SUBROUTINE SR1(A,B,N,S,VNEW)
REAL DIAGM(N), DIAGU(N), DIAGL(N)
REAL SS(N)
DO J=1,N-1
SS(J)=S(J+1)
ENDDO
DO I=1,N
DIAGM(i)=B
!Sets main diagonal as B for every value of i
IF (I==0) then
DIAGU(I)=A
DIAGL(I)=0
! No lower diagonal coefficient when i = 0
ELSE IF (I==N) THEN
DIAGU(I)=0
! No upper diagonal coefficient when i = Num
DIAGL(I)=A
ELSE
DIAGU(I)=A
! For all other points there is an upper diagonal coefficient
DIAGL(I)=A
! For all other points there is a lower diagonal coefficient
ENDIF
ENDDO
!CALL STANDARD FORTRAN MATH LIBRARY TO SOLVE LINEAR EQUATION AND GET SOLUTION VECTOR X(N-1)
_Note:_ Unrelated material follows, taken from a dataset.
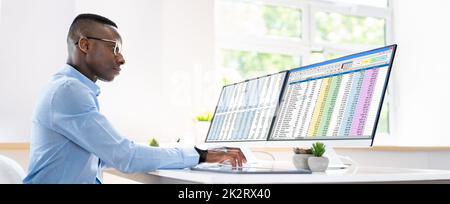 Data Analyst African Man Using Spreadsheet Stock Photo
CALL SR2 (DIAGL,DIAGM,DIAGU,SS,VNEW,N-2)
!RETURN TO MAIN PROGRAM AND X(N-1) IS FEEDED INTO UNEW(N-1)
RETURN
END SUBROUTINE
!!!!!!!!!!!!!!!
!!!!!!!!!!!
!!!!!!!!!!!
SUBROUTINE SR2 (A,B,C,D,Z,N)
!a - sub-diagonal (means it is the diagonal below the main diagonal)
!b - the main diagonal
!c - sup-diagonal (means it is the diagonal above the main diagonal)
!K - right part
!UNEW - the answer
!E - number of equations
INTEGER N
REAL A(N), B(N), C(N), D(N)
REAL CP(N), DP(N), Z(N)
REAL M
INTEGER I
DATA M/1/
!initialize c-prime and d-prime
CP(1) = C(1)/B(1)
DP(1) = D(1)/B(1)
!solve for vectors c-prime and d-prime
DO I=2,N
M=b(i)-CP(I-1)*(A(I))
CP(I)=C(I)/M
DP(I)=(D(I)-DP(I-1)*A(I))/M
ENDDO
!initialize UNEW
Z(N)=DP(N)
!solve for x from the vectors c-prime and d-prime
DO I=N-1, 1, -1
Z(I)=DP(I)-CP(I)*Z(I+1)
ENDDO
END SUBROUTINE
As george says in a comment, the problem is with the subroutine SR1. So that this isn't just a CW-stealing-a-comment answer I'll also expand a bit.
The way things are structured SR1 is a different scope from the main program. The IMPLICIT NONE in the main program doesn't apply to the subroutine, so A, B, N, S and VNEW are all implicitly typed. Apart from N,which is an integer, they are (scalar) reals.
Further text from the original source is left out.